[Crawled caption data]
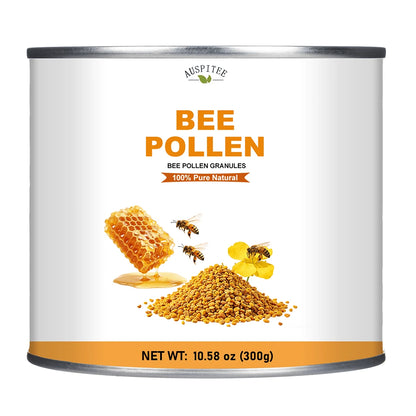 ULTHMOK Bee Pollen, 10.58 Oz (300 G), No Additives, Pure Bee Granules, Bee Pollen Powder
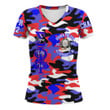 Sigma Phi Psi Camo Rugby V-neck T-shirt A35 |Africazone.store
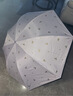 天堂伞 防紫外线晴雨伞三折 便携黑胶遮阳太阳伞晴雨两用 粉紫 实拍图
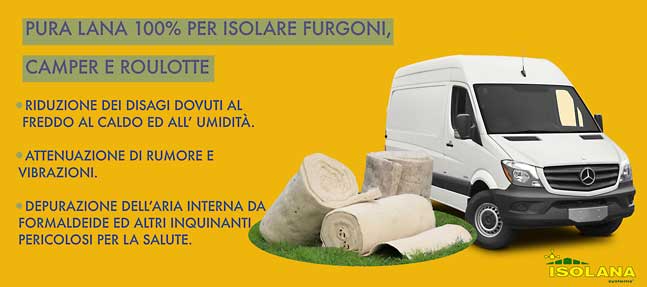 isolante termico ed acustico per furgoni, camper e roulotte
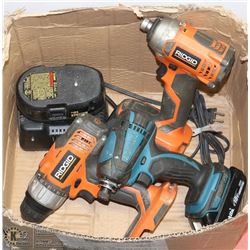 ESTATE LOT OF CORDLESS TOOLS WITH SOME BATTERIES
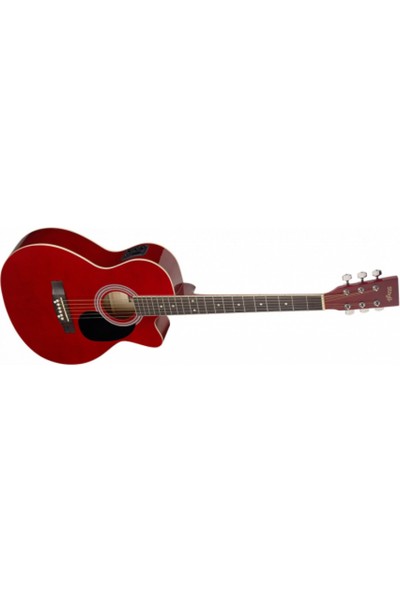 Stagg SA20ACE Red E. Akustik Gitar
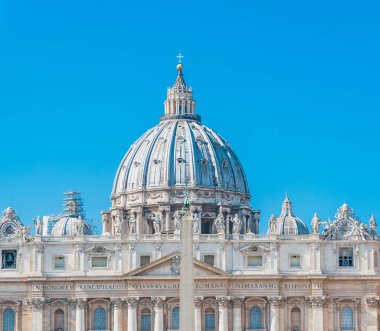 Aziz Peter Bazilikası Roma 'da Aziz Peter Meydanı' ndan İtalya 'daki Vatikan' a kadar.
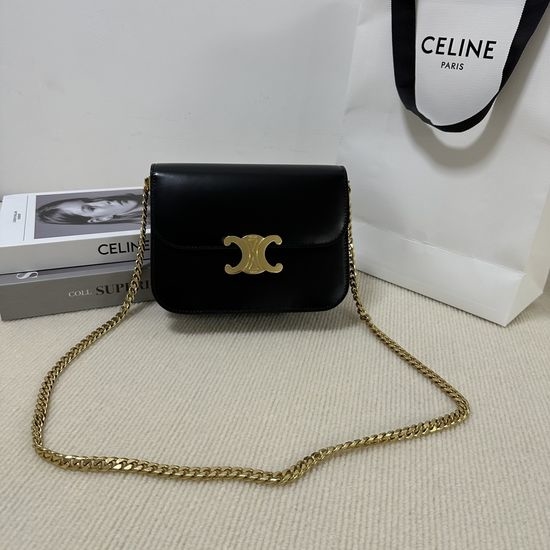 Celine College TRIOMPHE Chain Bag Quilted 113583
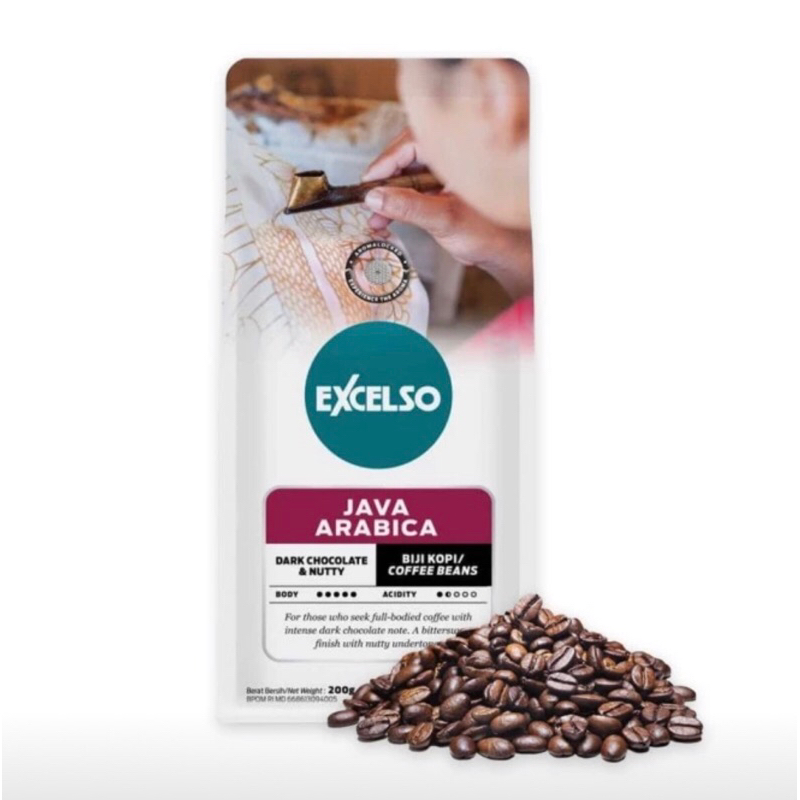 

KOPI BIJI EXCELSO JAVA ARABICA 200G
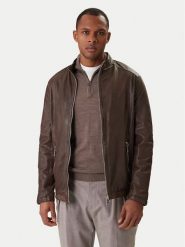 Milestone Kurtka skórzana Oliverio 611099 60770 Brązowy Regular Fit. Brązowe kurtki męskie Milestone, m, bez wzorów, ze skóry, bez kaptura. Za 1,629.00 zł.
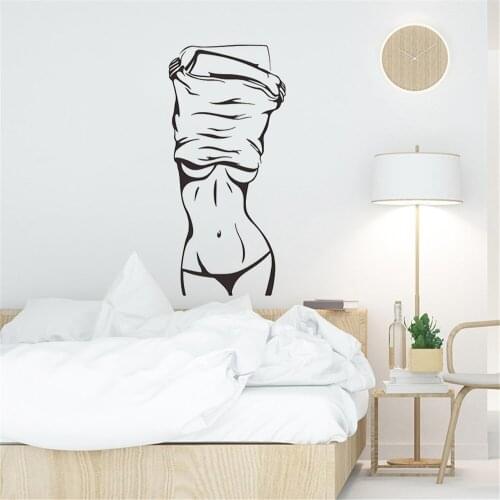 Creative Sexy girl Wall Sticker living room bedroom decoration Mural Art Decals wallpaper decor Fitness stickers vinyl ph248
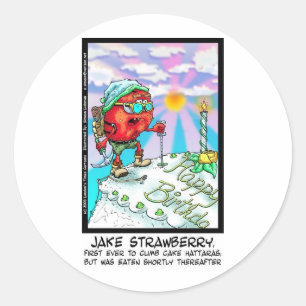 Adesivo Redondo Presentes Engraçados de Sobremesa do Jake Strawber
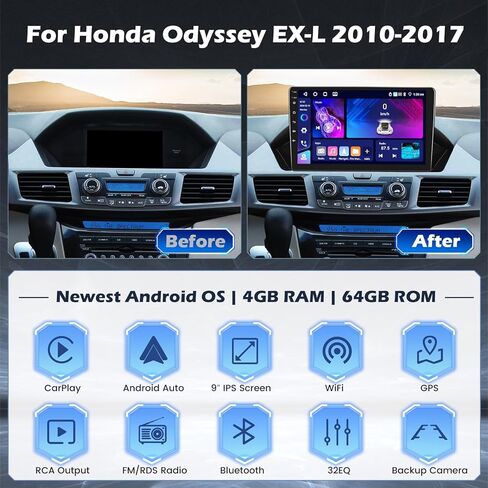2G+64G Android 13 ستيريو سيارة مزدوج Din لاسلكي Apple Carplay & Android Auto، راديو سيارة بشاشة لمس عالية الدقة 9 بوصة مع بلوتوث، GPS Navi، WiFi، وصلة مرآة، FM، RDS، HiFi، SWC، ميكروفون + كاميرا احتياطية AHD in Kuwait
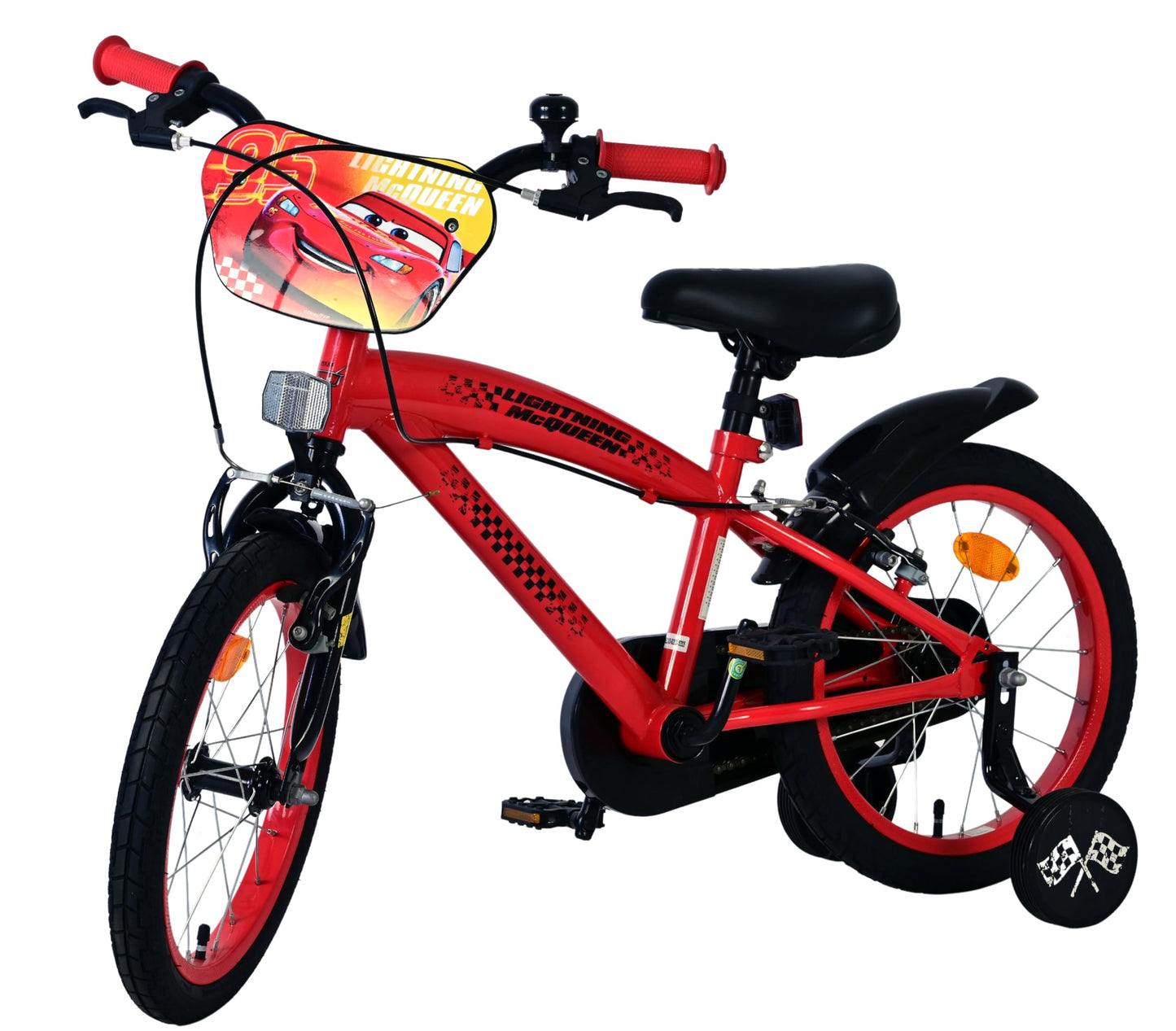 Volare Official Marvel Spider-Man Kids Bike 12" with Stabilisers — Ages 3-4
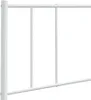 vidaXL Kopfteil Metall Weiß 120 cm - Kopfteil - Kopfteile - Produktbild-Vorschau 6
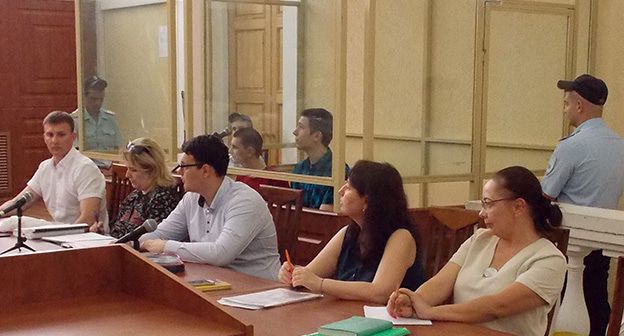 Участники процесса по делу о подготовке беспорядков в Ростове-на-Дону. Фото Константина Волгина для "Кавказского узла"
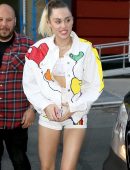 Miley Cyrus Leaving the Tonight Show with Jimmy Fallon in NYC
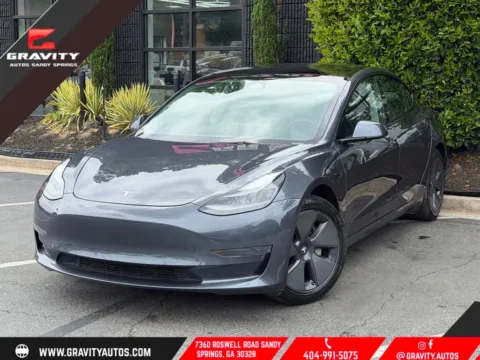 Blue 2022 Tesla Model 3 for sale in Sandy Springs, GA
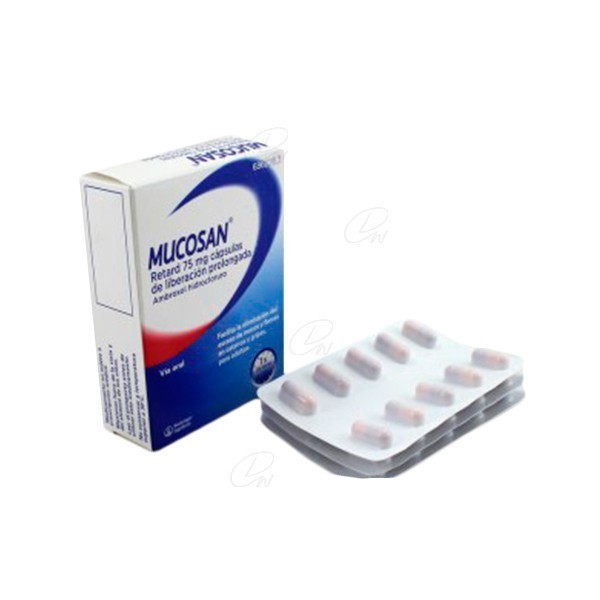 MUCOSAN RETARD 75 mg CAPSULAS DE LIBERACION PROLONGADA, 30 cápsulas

Task objective: The required output is the exact lines from the opening line of the entries through the line with "KOPI BIJI EXCELSO JAVA ARABICA 200G", inclusive, without pictures.

Result:
 ULTHMOK Bee Pollen, 10.58 Oz (300 G), No Additives, Pure Bee Granules, Bee Pollen Powder
 Sigma Phi Psi Camo Rugby V-neck T-shirt A35 |Africazone.store
 天堂伞 防紫外线晴雨伞三折 便携黑胶遮阳太阳伞晴雨两用 粉紫 实拍图
 isolante termico ed acustico per furgoni, camper e roulotte
 ESTATE LOT OF CORDLESS TOOLS WITH SOME BATTERIES
 Stagg SA20ACE Red E. Akustik Gitar
 Aziz Peter Bazilikası Roma 'da Aziz Peter Meydanı' ndan İtalya 'daki Vatikan' a kadar.
 Celine College TRIOMPHE Chain Bag Quilted 113583

KOPI BIJI EXCELSO JAVA ARABICA 200G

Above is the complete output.